The rule in Washington is stated in Ackerman v. Port of Seattle,55 Wash.2d 400, 405, 348 P.2d 664, 667 (1960):

We have held that an action for constitutional taking is not barred by Any statute of limitations and may be brought at any time before Title to the property taken Is acquired by prescription. The prescriptive period in this state has been held to be ten years.

(Italics ours.) We recognize anomaly inherent in the statement of the rule. Acquisition of title by way of prescription Is the result of the barring of an action by a statute of limitation.

An easement of right of way across the land of another, including even the establishment of a public highway over private property, may be acquired by prescription. (Citations omitted.)

The period required in this state to establish such a prescriptive right of way is ten years, by analogy to the provisions of Rem.Rev.Stat. § 156 (P.C. § 8161), which is the statute of limitations relative to actions for the recovery of real property. (Citations omitted.) 1

Northwest Cities Gas Co. v. Western Fuel Co., 13 Wash.2d 75, 82, 123 P.2d 771, 775 (1942).

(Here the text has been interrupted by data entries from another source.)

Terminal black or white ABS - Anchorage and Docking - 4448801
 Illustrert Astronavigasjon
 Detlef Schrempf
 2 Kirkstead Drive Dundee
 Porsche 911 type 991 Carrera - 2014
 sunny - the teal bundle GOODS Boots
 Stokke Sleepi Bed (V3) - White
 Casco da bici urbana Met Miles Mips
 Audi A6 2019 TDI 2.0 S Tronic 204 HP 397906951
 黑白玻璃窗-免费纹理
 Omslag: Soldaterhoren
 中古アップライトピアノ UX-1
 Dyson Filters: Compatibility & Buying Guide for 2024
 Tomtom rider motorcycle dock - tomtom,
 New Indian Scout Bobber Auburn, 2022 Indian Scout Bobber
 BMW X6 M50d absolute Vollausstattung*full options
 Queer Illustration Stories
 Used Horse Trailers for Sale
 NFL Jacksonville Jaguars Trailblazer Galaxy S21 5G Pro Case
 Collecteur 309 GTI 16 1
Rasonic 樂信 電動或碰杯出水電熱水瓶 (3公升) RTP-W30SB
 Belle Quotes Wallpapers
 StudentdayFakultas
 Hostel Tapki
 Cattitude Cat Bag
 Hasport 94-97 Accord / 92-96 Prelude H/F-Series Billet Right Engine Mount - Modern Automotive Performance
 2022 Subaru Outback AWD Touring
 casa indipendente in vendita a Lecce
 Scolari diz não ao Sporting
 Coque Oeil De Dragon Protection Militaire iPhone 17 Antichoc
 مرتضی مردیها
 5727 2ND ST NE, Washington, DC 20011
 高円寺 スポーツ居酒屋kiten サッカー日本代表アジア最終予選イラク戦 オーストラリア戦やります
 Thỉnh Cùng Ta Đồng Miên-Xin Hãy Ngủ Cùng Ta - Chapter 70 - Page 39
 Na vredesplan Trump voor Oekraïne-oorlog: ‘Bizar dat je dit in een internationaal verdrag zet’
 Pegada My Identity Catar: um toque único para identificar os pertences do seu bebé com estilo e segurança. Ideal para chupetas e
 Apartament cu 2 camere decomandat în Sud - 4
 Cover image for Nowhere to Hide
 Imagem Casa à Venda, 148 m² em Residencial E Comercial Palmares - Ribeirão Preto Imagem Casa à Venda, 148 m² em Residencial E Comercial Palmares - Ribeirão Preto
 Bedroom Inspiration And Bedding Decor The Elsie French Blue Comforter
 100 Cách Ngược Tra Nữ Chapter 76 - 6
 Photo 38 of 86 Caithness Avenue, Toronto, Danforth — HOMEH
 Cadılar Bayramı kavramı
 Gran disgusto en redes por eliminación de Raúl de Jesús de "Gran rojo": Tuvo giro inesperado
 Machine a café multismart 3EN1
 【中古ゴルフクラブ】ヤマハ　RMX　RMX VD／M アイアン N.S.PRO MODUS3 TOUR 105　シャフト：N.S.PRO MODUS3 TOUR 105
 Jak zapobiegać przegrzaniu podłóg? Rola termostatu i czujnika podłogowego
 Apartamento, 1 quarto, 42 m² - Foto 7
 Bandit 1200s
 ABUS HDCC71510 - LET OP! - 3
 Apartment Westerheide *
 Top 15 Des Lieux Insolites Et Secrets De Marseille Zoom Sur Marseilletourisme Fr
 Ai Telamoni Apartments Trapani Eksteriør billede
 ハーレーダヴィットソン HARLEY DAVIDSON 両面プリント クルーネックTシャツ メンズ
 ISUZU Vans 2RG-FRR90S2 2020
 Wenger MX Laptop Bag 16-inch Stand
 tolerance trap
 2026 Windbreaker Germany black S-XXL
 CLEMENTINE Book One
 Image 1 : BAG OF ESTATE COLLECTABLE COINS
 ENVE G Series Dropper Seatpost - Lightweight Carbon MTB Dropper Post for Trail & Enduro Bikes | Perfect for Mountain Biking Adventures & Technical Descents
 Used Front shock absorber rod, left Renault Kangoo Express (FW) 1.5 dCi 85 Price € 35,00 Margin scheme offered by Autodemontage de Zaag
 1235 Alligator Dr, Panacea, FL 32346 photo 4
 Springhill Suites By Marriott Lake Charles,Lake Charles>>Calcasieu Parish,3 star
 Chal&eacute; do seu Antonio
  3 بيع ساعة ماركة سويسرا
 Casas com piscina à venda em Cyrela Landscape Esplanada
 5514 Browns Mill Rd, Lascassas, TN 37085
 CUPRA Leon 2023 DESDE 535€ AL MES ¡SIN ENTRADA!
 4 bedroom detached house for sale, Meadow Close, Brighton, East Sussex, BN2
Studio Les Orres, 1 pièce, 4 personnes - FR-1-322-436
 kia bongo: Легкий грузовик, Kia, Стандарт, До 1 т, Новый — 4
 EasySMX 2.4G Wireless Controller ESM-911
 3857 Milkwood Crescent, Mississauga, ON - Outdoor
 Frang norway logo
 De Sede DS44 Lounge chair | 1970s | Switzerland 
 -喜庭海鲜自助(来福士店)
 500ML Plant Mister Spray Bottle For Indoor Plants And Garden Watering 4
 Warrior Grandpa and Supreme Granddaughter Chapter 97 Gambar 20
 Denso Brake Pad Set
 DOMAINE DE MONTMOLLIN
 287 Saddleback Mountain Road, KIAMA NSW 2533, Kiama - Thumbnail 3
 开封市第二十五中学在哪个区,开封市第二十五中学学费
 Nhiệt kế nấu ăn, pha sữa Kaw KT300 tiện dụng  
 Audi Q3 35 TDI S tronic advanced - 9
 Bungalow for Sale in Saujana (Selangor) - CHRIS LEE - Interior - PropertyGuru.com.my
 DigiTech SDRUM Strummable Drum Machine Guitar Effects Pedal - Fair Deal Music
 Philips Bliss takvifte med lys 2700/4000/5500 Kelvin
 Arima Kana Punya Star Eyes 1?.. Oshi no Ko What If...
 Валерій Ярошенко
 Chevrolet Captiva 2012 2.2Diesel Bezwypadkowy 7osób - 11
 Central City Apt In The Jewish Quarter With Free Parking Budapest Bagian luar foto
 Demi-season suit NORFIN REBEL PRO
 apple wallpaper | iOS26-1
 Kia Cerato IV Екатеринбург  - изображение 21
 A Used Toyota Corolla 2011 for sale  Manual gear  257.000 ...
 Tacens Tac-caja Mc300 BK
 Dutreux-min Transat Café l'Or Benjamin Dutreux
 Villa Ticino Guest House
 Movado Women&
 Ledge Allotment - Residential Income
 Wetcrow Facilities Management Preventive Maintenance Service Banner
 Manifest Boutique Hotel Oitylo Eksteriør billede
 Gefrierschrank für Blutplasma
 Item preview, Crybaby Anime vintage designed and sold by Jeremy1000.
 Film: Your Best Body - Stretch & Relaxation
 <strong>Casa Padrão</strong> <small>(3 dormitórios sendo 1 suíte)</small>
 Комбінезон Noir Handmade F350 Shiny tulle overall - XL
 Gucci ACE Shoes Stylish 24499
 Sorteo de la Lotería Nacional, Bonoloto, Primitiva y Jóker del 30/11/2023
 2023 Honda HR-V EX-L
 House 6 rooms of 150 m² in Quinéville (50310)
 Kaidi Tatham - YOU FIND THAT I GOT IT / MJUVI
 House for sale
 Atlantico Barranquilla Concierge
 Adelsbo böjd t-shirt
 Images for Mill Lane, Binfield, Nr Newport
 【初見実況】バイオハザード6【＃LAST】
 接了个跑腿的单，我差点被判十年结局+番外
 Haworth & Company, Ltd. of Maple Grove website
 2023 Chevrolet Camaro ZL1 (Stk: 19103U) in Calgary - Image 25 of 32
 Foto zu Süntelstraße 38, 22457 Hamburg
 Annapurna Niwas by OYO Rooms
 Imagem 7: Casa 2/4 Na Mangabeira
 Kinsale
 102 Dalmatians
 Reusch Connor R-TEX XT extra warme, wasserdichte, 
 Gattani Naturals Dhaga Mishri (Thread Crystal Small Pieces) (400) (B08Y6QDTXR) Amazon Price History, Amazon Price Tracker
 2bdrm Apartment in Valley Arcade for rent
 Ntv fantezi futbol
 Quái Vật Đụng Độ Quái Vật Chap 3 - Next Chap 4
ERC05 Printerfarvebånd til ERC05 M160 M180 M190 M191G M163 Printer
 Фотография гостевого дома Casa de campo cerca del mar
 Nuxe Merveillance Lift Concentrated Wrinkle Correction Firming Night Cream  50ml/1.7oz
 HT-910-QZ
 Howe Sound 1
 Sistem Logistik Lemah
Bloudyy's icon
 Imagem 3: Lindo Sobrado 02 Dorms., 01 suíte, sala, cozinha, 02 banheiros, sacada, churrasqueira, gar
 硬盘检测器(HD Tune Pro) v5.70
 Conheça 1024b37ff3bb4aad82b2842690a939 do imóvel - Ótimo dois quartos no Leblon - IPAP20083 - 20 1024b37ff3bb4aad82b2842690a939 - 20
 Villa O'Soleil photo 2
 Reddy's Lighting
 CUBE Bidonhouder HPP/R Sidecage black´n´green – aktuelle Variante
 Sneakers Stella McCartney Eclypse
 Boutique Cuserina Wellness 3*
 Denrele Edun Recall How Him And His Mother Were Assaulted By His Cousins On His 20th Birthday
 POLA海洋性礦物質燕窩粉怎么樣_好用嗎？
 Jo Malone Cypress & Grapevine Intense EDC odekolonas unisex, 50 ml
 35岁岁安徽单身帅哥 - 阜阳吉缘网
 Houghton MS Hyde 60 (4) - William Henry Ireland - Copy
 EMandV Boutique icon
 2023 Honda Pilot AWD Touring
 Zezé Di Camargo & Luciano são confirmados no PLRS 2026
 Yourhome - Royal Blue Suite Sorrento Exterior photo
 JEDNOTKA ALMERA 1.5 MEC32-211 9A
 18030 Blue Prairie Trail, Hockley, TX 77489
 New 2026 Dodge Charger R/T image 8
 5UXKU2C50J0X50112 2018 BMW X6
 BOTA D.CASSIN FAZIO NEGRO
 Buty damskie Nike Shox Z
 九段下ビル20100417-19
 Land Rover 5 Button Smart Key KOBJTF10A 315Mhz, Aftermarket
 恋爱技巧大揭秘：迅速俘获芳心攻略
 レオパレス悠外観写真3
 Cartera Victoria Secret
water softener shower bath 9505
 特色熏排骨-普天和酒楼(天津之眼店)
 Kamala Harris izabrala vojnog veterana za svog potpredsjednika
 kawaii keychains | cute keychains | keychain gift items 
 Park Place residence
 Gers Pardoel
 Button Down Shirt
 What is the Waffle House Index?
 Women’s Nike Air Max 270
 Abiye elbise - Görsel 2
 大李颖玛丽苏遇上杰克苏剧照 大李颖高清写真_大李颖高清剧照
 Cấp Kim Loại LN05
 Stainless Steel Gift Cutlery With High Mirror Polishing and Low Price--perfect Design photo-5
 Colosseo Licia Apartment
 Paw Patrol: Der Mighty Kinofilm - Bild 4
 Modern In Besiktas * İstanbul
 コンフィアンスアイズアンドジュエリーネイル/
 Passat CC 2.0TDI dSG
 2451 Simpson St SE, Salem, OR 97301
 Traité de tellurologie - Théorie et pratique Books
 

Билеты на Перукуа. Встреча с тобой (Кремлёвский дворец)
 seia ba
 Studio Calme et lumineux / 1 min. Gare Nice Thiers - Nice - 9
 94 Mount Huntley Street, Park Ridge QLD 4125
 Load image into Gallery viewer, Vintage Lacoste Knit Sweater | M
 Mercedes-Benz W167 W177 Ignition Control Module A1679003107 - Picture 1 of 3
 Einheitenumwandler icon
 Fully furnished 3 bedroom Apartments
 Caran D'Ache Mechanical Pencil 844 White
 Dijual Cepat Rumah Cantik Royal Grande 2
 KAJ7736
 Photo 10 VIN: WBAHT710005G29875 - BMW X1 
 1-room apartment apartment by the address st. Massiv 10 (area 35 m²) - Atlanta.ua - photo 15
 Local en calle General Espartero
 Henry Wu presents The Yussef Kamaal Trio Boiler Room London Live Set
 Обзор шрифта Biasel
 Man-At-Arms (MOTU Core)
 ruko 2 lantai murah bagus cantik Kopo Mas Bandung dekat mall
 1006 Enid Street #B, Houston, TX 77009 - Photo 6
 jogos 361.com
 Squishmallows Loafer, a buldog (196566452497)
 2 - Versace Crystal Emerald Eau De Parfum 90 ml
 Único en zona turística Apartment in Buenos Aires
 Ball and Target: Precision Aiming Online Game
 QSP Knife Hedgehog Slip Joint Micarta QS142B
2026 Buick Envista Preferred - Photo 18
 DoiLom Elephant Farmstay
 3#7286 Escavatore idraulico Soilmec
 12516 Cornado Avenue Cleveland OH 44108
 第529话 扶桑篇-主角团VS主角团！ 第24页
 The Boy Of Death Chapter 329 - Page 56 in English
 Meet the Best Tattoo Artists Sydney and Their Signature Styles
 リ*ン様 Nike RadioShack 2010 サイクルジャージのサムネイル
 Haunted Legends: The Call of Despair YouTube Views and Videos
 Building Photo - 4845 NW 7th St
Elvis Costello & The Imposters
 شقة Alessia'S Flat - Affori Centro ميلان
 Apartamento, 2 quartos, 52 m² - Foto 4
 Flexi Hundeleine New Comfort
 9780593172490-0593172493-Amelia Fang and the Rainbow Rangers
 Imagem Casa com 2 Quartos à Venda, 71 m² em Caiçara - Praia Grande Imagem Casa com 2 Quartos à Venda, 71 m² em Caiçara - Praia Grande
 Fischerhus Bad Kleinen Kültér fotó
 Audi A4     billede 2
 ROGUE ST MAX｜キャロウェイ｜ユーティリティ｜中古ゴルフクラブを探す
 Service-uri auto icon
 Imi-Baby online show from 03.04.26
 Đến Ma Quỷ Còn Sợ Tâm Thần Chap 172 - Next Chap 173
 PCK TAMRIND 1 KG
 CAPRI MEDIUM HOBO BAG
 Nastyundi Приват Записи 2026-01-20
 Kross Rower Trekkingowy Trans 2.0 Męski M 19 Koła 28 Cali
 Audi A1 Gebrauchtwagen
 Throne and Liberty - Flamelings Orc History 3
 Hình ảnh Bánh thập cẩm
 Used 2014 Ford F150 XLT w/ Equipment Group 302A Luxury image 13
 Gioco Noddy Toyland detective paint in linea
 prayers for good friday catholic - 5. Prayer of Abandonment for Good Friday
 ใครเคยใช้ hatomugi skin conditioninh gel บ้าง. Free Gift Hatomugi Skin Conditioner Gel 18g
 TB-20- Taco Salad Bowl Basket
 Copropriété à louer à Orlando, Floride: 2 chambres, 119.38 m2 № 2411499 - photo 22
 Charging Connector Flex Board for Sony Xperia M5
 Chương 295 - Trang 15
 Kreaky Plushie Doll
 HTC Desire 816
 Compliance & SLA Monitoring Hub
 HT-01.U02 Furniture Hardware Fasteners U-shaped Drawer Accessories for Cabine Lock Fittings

But anomalous or not, the rule in Washington is that: 'A corporation possessing the right of eminent domain may acquire property for its public uses in one of three ways only: (a) By purchase; (b) by condemning and paying for the property in the manner provided by law; and (c) by adverse possession for the statutory period.' Alymore v. Seattle, 100 Wash. 515, 518, 171 P. 659, 660 (1918).

We hold that the trial judge did not err in ruling that because the City of Snohomish acquired title to the easterly 12 feet of his property by prescription, Joslin lost his constitutional right to compensation.

II. WHEN A MUNICIPALITY TAKES PRIVATE PROPERTY FOR A PUBLIC USE WITHOUT INSTITUTING CONDEMNATION PROCEEDINGS, IS THE OWNER ENTITLED TO AN AWARD OF REASONABLE ATTORNEY AND EXPERT WITNESS FEES IN A JUDGMENT AWARDING COMPENSATION FOR THE TAKING?

The city has not cross-appealed from the trial judge's ruling that it had not acquired title to the southerly tip of the Joslin property by prescription. For the reasons discussed in Alymore v. Seattle, Supra at 523, 171 P. at 662, Joslin is constitutionally entitled to receive 'just compensation.'

(An owner's) right of recovery is founded upon and grows out of his title to the land, and until such title is lost by adverse possession he should have the right to maintain an action to recover that which represents the property itself.

The trial resulted in a jury award of $7,500 to Joslin for the loss of the southerly tip of his property.

At trial Joslin claimed that by RCW 8.25.075 he was entitled to an award of 'costs including reasonable attorney fees and reasonable expert witness fees.' Although not clearly articulated, the trial judge's reason for rejecting Joslin's claim seems to be that RCW 8.25.075 applies only to condemnation actions.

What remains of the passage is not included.